HALF MOON BAY, Calif. (KGO) -- There is no denying the hurt being felt across Half Moon Bay this week after a mass shooting. Part of the messaging at a Friday night vigil held at Mac Dutra Plaza was togetherness will help the healing process.
The community saw a collective effort by city officials, businesses, nonprofits and interfaith organizations. Many, including residents, shared there is just so much about the farm working community that they did not know.
Several hundred people gripped onto candles, grieving as a community.
In Downtown Half Moon Bay, an official event was held to honor the seven killed this week, and to support the sole survivor.

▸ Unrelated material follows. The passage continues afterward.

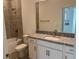 Bathroom with granite countertop, single sink, and tub shower combo at 18059 Cherished Loop, Bradenton, FL 34211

Many in the crowd admitted that in the aftermath, every detail released has been eye-opening.
"It is so sad that it takes a tragedy like lost lives to see what's in the community right around us," resident Jackie Tinghitella told ABC7 News. "That sometimes we're just really unaware of."
Tinghitella and others said they had no idea about the farmworkers' living conditions and less than livable wages being paid. This unknown reality, only compounding the community's pain.

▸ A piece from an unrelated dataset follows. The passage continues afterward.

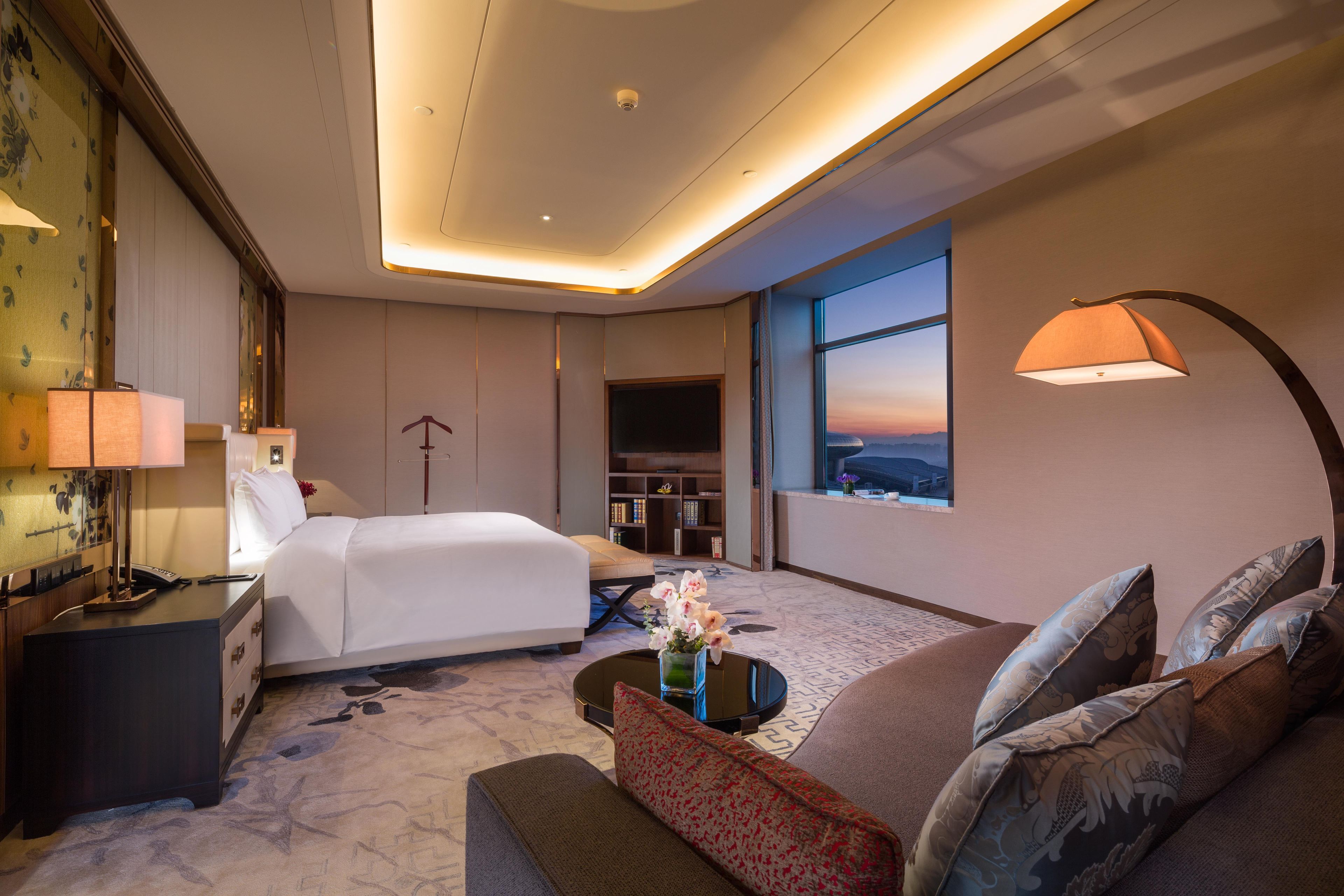A hotel room with a bed, a desk with a lamp, a sofa, a coffee table, and a large window with a view.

Resident Elise Gasper said, "It's hard to see that here, where we have such affluence, such wealth, that there's people living just less than a mile away with very, very little... terrible conditions."

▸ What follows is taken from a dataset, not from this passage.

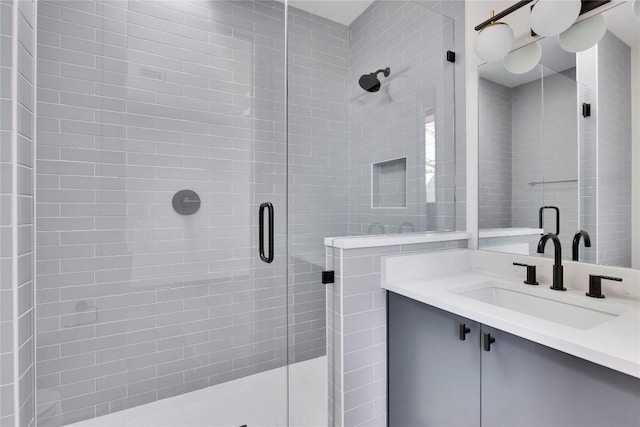 full bathroom featuring vanity and a stall shower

"How anybody could let someone that worked for them live like that... I don't understand it," Mayor Deborah Penrose said, as she spoke with reporters ahead of the vigil.
VIDEO: 'Deplorable' living conditions at Half Moon Bay mushroom farm where multiple farmworkers were killed
Penrose explained she was unaware Chinese migrants were part of the local farming community. Among the victims killed, two were Latino, five were Chinese.
Resident Jun Xu, who identified as a Chinese immigrant himself, shared, "To be honest, I've lived here for 2.5 years and I didn't realize there was a Chinese immigrant community here."
"I did not realize there's so many kind of like people living in kind of like - if you look at the TV reports - the conditions really bad," he continued.
However, where there's shock, surprise and sadness, there's also newfound inspiration to get involved for a better future for farmworkers.
Chuang Wang told ABC7 News, "They work so hard and this happened to them. It's so unfair."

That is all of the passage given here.